Of course, sometimes the simple and best ones are not that easy to implement. For example, as in the case of a lack of a DNS query require context/state and some understanding of the protocol in use in order to generate an alert. As mentioned by one of our engineers, some are also somewhat vague and require more detail. It may also be that some do not require an instant alerts, a simple email sent to the administrator each morning may suffice.

It will take time to get right, some tuning, knowledge of the network etc. Ease of use, readable data, is a must otherwise it will never work. These are basics some security vendors simply do not pay enough attention to but instead spend a lot of time and money on graphics and web interfaces designed by gamers, dark constellations which look fantastic but when you start to look at the detail, looking for actionable intelligence, you start thinking what is this really telling me ?

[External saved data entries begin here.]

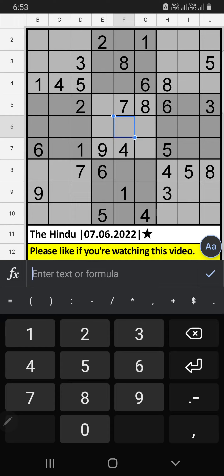Welcome to Skevin Sutagu. I am going to solve the Hindu Newspaper Sudoku on June 7, 2022, 1-star Sutagu.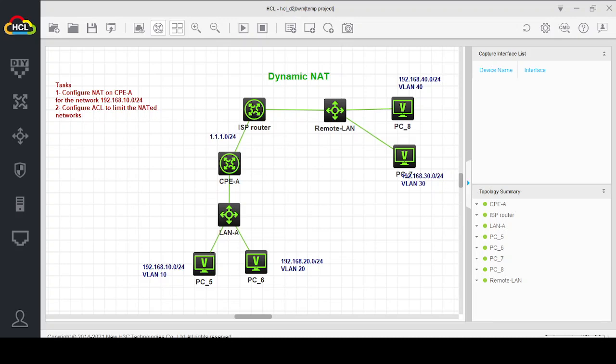Hello friends, today's lab is regarding dynamic NAT. We will learn how to configure dynamic NAT on HPE and H3C switches and routers. Here we have a setup where this is our local LAN connected with a CPE, which is customer premises equipment, which can also be a router.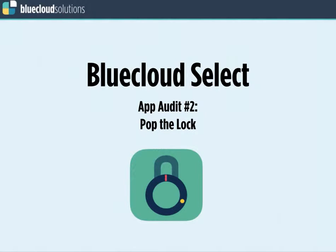What is up? Mark here with Blue Cloud Solutions, and today I've got a really sweet app to review. We've got Pop the Lock. It's an intuitive app that has hit the top charts and even received over 3 million users — and get this — just in the first 10 days. That is pretty awesome. I wish I could do that repeatedly.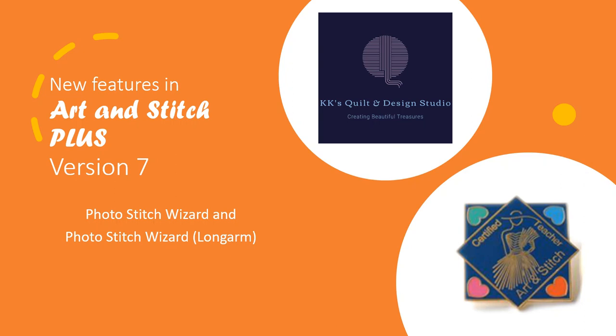Hello everyone, it's Marilyn. Welcome back to KK's Quilt Studio. If this is your first time viewing one of my YouTubes, go ahead and hit that subscribe button down in the lower right hand corner of this video.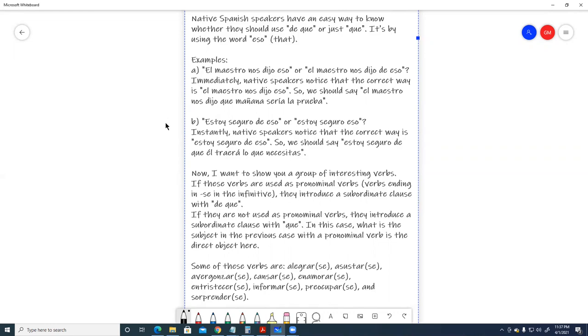Estoy seguro de eso, or, estoy seguro eso. Instantly, native speakers notice that the correct way is, estoy seguro de eso. So, we should say, estoy seguro de que él traerá lo que necesitas.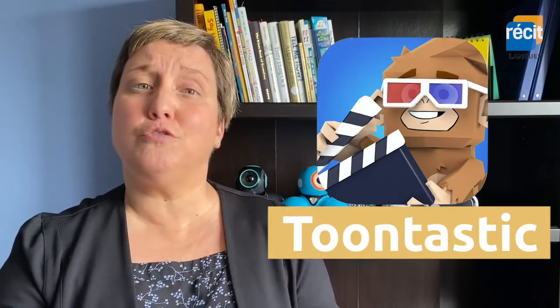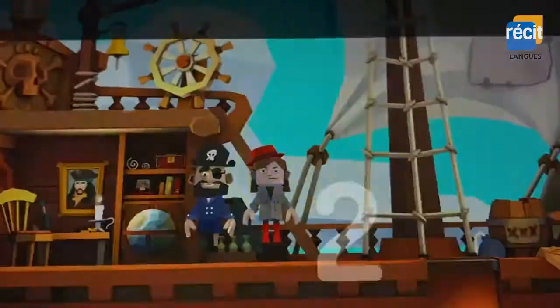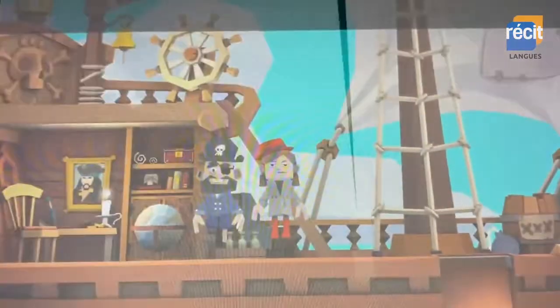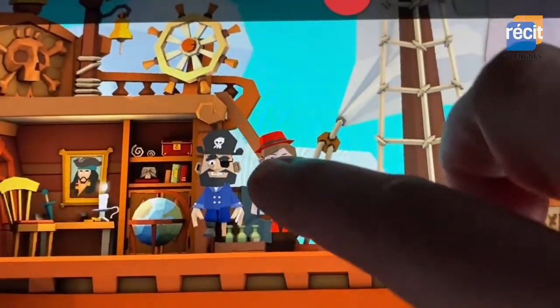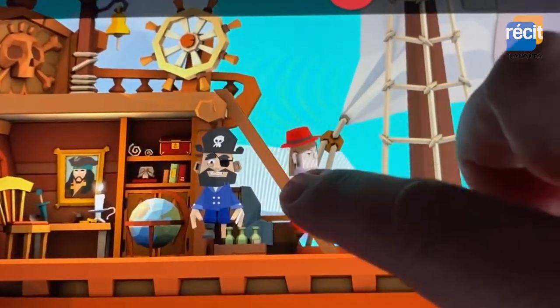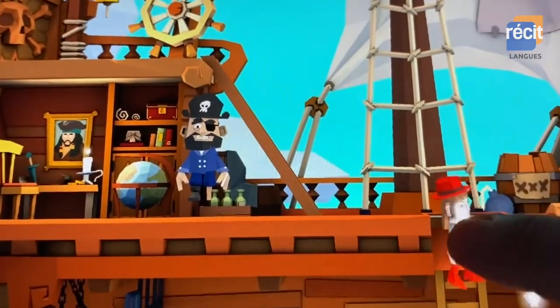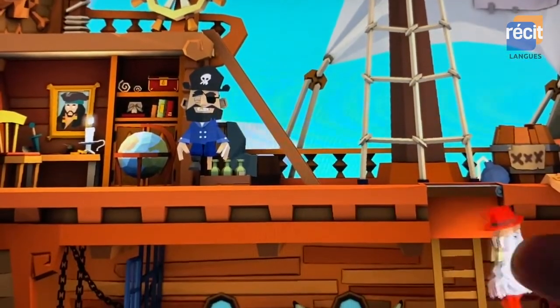There's this amazing free, easy to use and fun app to create animations. Do you know what it is? It's called Toontastic and you can use it on a tablet. Record your voice and animate the characters by moving them around the screen with your finger. 'I have to run away from you!' It's that simple.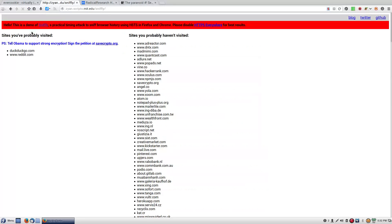Another one is this one right here — they call it 'Sniffly,' a practical timing attack to sniff browser history using HSTS on Firefox and Chrome.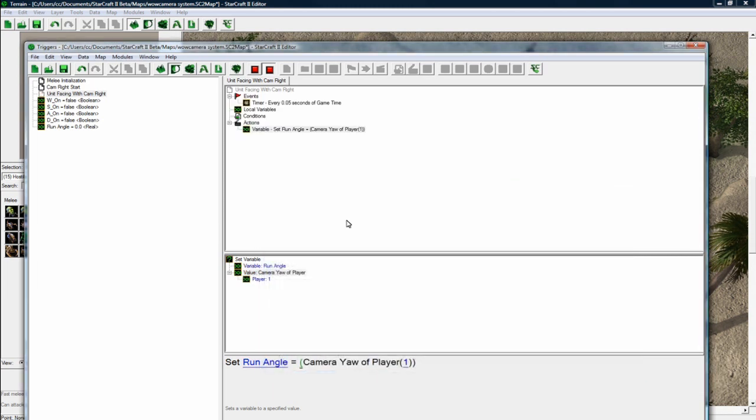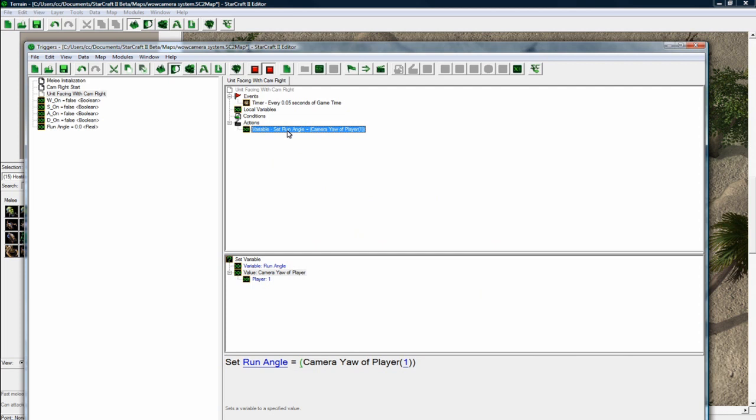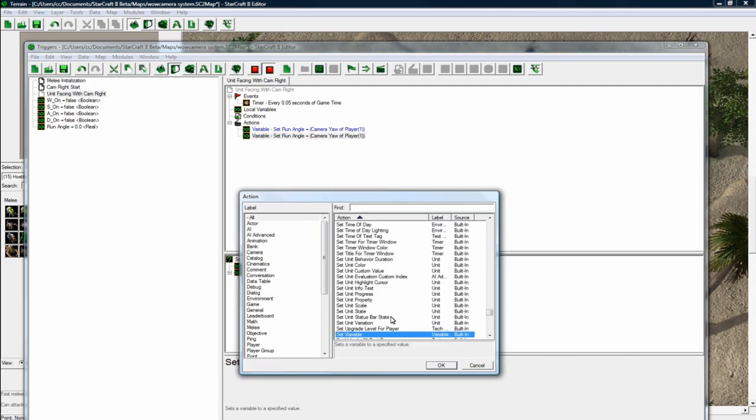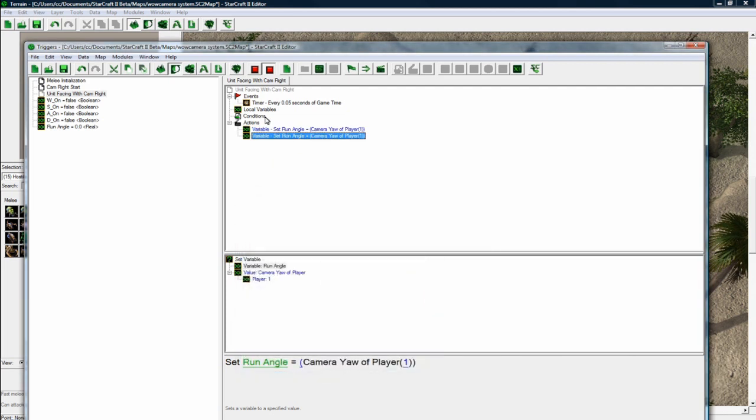So as we rotate our camera around, our run angle of our unit is going to be updated. And let's do another thing.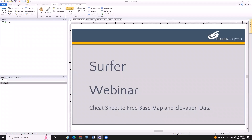Hello everyone and thank you for joining us today. Welcome to the Cheat Sheet for Free Basemap and Elevation Data webinar. My name is Drew and I'm really excited to be here today. I'll be presenting my go-to websites where I find free basemap files and elevation data that I can use and serve for projects, as well as other mapping and modeling apps. For those of you who use Surfer and Voxler, this information will also be applicable to you.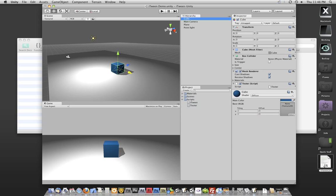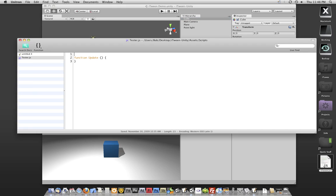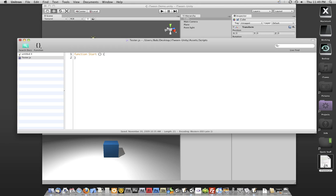So we have a tester script on this box, let's go ahead and edit it. By default, Unity gives you the function update, since we don't want to have this run repeatedly, we'll just go ahead and switch that over to a start so it just fires when things are ready to roll.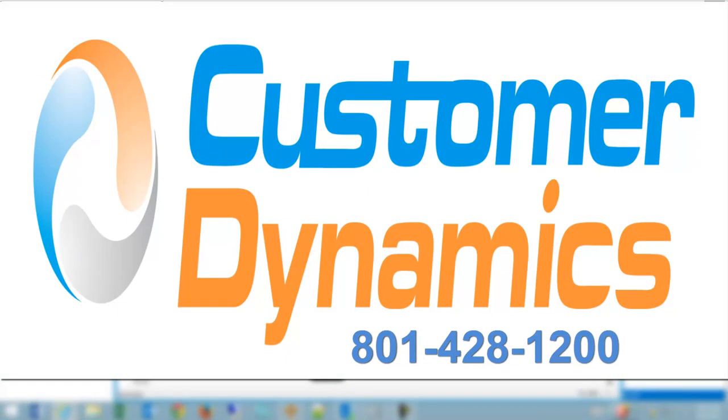Thank you for your time. If you have any questions or would like additional information, please reach out to Customer Dynamics.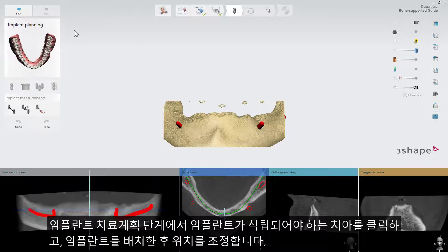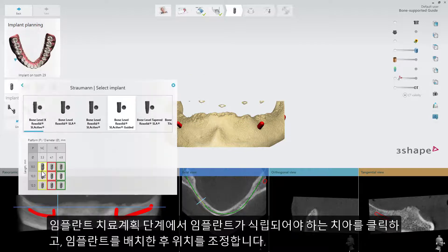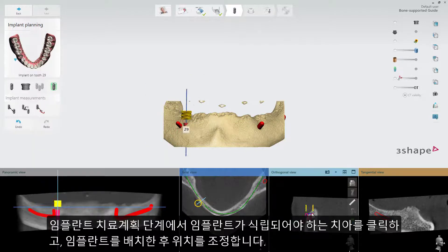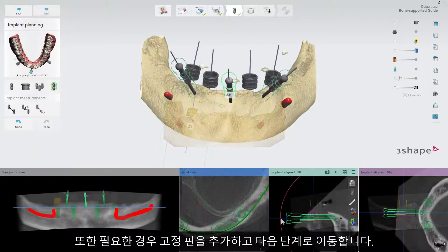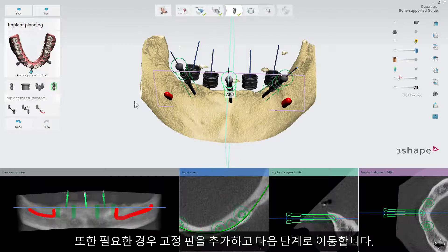In the Implant Planning step, select the teeth where the implants should be placed. Place them and adjust their position. Add anchor pins if needed and move to the next step.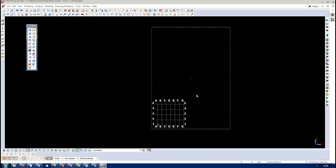I have opened a model in Tekla version 21.1. There is nothing there. All I am going to do is show you how to insert a reference model.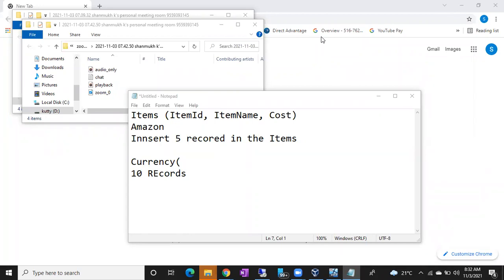Yes sir, tell me — I will connect to SSMS but I tried a lot and I cannot connect. You are unable to connect to SSMS — what error are you getting? Guys, if you want you can leave. Tomorrow there is no class; we are going to meet on Friday.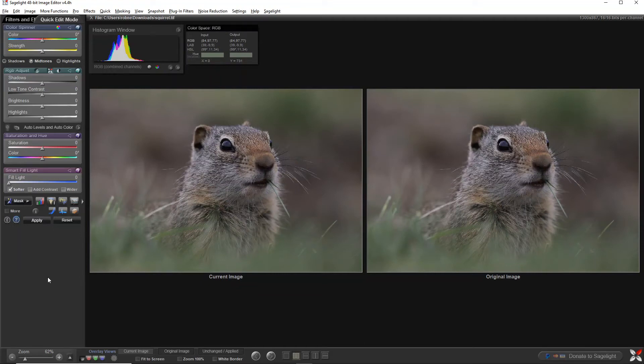Hello everyone. I'm making this video to let people know that SageLite 4 is back. I am sorry that I was gone for so long. I put something on the main website and the discussion board. If you want to know what happened and why SageLite was gone for so long, go ahead and go to sageliteeditor.com/discussion or just go to sageliteeditor.com and click on discussion.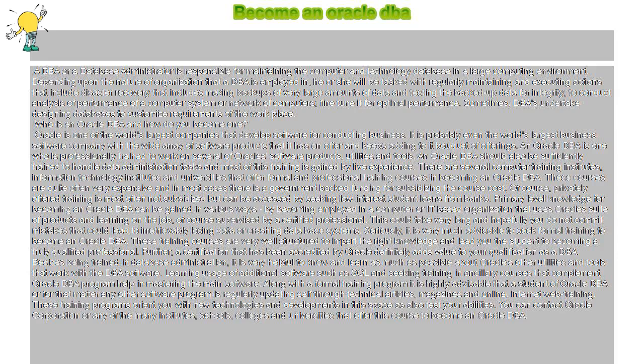Become an Oracle DBA. A DBA or database administrator is responsible for maintaining the computer and technology database in a large computing environment.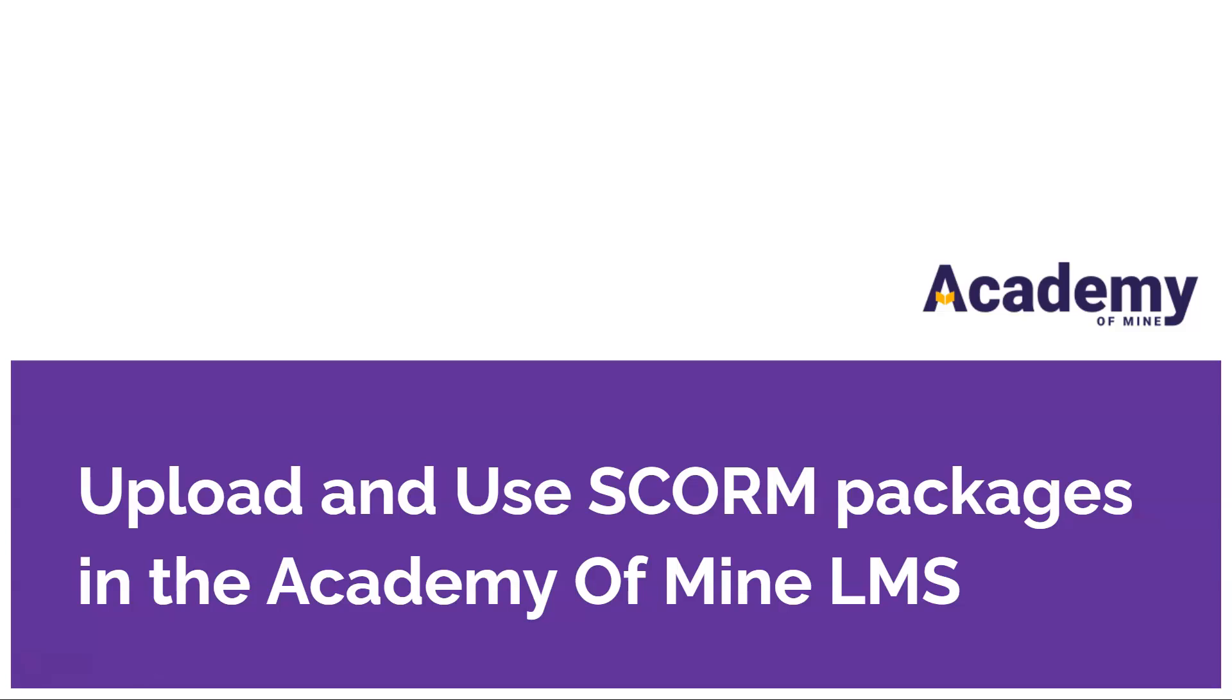Hey everyone, my name is Jonathan and welcome to Academy of Mind. Today we're going to talk about SCORM and uploading SCORM packages from external authoring tools like Articulate Storyline, Adobe Captivate, and iSpring into the LMS.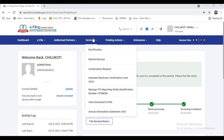Hi friends, this is C.A. Kiran Kumar. In this video we are going to discuss about a new important update in the new income tax portal — that is the Annual Information Statement. This Annual Information Statement was implemented on 1st November 2021. The main purpose of the Annual Information Statement is to display a comprehensive view of the information of the taxpayer.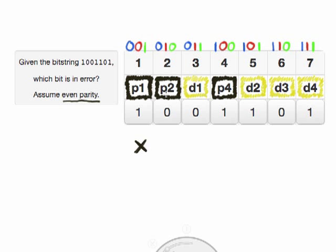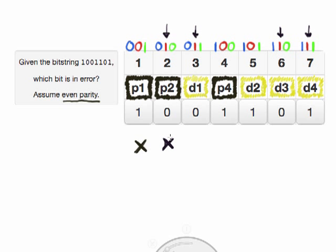Now if we look at parity bit 2, that parity bit monitors all of the bits that have the second digit set to 1. So that's bits 2, 3, 6, and 7. Again, we sum up those bits: 0 plus 0 plus 0 plus 0 plus 1 equals 1. That's also odd, but we wanted even parity. So there's an error that affects the bits protected by parity bit 2 also.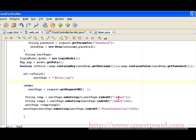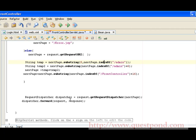After doing this, we get the RequestDispatcher object and forward the request using the request and response objects. The RequestDispatcher uses the next page, which will be error.jsp if the users are invalid, or the actual URL which was sent by the application after removing the 'admin' word from it.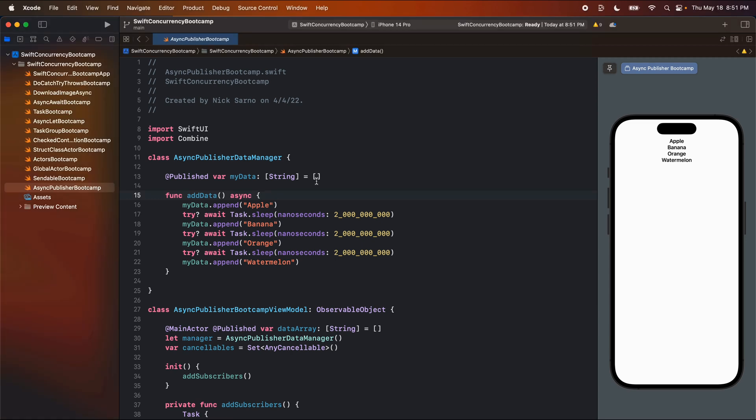And the question is basically, why do we not have to use, or should we use, weak self and strong self? How do we manage those references when using async await? I purposely basically have not used it in this bootcamp because we don't need to do it anymore. But I do want to explain to you where our references are and why we basically don't need to manage them.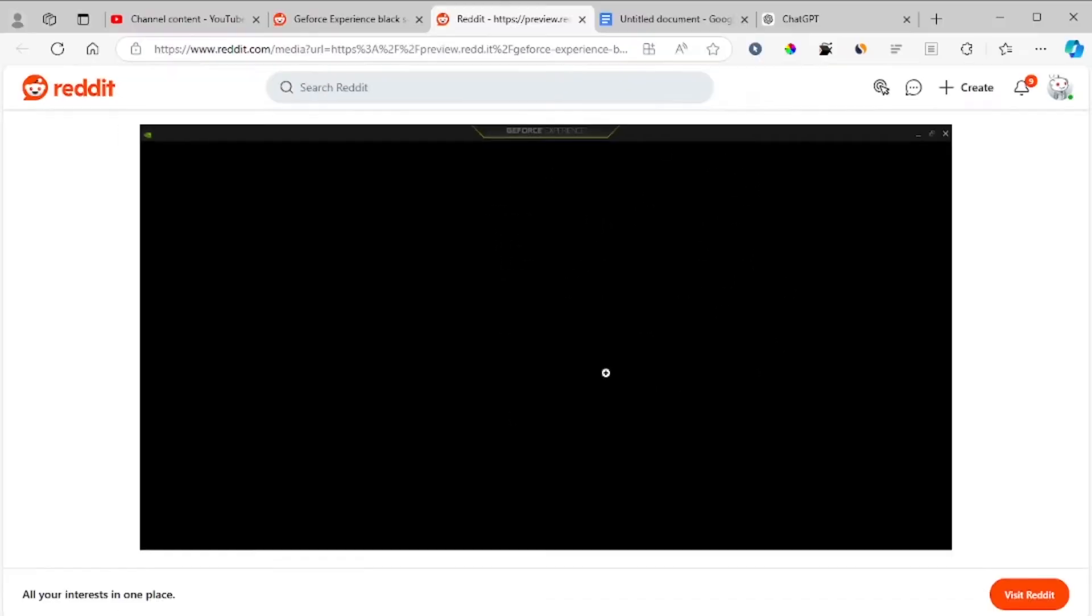Hello friends, in this tutorial I will guide you on how to fix the black screen issue on GeForce Experience. As you can see here, the GeForce Experience shows a black screen.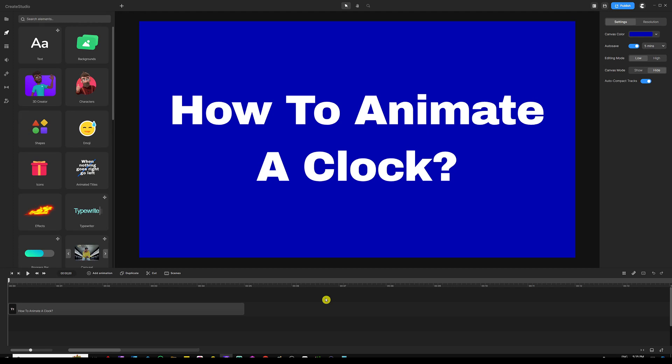If you're looking to simulate time in your videos, look no further because I've got you covered. I'm going to show you how to create that easily inside Create Studio 3. My name is Ali and welcome to a new series of tutorials working with Anchor Point. In this video, I'm going to show you how to animate a clock inside Create Studio 3.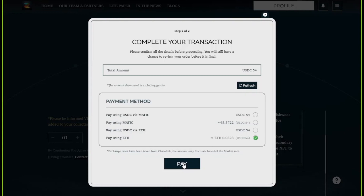The available options are MATIC on Polygon Mainnet, USDC on Polygon Mainnet, USDC on Ethereum Mainnet, and Ethereum on Ethereum Mainnet. Depending on your wallet balance, you'll be able to select from these options. If you do not have balance in any of these payment methods, that option will be grayed out.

There are many common and critical threats or ‘bad’ network and user activities that do not require sophisticated artificial intelligence or machine learning.  Most organisations do not have the resources to monitor various dashboards to actually try and detect suspicious activity in real time,  but simply want a real alert with some readable context and data to understand what the alert is actually telling them.

Where to Start

Is it not common sense, start small, work the basics. Use a network traffic analysis for example to monitor internal activity and get the visibility you need to understand what is happening on your network. Modify your ‘active’ systems for example your firewall, to get rid of everything that could widen your attack surface and then add alerts, one by one, to ensure you are immediately notified the next time.  Use forums, blogs, your own network to keep in touch and build and update your own alert set. Add them one by one, you will be amazed with the size of your list after a few months and the lack of false positives.